## ABOUT THIS EXERCISE
Among the lines below, keep only those from the one containing "Animals living in" through the one containing "WILD HORNETS", and reproduce them exactly.

Stored items from a collection:
>>

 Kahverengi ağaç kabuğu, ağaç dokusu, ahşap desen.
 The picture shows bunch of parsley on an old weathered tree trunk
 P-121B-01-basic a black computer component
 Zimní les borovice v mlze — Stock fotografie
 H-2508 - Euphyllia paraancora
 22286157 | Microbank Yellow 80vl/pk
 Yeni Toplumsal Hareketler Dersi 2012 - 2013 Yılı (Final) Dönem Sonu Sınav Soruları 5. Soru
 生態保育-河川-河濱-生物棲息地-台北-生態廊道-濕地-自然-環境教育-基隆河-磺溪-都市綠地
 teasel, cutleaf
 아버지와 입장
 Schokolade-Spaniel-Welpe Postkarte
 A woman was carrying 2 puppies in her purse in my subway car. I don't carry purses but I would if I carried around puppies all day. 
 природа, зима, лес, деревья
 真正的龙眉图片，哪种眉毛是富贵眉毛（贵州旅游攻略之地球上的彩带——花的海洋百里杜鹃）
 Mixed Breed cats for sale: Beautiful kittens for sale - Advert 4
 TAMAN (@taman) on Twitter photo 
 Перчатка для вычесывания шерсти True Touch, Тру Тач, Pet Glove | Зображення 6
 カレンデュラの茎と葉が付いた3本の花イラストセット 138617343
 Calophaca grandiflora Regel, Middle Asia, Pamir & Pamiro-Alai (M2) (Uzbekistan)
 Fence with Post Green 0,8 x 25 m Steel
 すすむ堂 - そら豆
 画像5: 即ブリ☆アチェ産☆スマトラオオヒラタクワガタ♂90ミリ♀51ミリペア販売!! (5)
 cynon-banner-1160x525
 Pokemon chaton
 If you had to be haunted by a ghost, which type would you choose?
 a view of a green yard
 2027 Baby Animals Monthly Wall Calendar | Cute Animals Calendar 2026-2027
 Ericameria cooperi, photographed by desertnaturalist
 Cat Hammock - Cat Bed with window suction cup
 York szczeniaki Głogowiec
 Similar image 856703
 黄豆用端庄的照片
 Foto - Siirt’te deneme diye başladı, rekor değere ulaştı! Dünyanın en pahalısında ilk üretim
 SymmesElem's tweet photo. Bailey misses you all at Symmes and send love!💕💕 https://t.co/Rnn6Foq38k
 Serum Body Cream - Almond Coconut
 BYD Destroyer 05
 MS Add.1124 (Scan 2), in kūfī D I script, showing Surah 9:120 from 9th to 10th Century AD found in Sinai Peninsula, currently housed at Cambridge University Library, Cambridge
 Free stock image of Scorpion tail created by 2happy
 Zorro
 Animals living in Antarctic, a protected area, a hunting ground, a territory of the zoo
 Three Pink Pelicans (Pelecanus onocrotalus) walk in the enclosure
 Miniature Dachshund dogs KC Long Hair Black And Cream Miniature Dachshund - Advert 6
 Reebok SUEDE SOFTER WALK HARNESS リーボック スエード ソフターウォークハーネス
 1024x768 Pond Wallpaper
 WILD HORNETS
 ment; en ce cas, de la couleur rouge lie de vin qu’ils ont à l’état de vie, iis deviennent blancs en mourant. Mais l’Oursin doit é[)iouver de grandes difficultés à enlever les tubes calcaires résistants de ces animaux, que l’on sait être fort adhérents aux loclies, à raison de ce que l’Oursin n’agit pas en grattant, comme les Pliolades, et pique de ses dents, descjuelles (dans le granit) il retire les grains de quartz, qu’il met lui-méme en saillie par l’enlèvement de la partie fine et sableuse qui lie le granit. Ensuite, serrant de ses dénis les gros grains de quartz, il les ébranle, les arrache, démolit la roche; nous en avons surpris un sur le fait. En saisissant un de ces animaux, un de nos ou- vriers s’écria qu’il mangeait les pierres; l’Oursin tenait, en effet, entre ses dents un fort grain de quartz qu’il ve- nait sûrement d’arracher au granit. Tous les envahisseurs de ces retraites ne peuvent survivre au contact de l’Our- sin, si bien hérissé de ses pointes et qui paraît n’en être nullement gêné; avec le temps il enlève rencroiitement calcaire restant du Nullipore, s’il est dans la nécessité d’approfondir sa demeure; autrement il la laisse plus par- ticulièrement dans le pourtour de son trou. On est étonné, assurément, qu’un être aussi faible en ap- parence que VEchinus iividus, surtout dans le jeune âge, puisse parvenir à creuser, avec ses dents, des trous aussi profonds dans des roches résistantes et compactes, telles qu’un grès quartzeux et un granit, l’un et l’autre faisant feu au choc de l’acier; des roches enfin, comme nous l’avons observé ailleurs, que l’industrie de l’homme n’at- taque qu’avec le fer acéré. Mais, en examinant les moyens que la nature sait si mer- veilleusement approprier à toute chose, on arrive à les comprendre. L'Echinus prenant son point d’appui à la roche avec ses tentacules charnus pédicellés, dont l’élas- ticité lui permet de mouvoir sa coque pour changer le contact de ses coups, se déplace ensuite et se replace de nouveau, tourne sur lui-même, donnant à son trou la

<<

## EXERCISE SOLUTION
 Animals living in Antarctic, a protected area, a hunting ground, a territory of the zoo
 Three Pink Pelicans (Pelecanus onocrotalus) walk in the enclosure
 Miniature Dachshund dogs KC Long Hair Black And Cream Miniature Dachshund - Advert 6
 Reebok SUEDE SOFTER WALK HARNESS リーボック スエード ソフターウォークハーネス
 1024x768 Pond Wallpaper
 WILD HORNETS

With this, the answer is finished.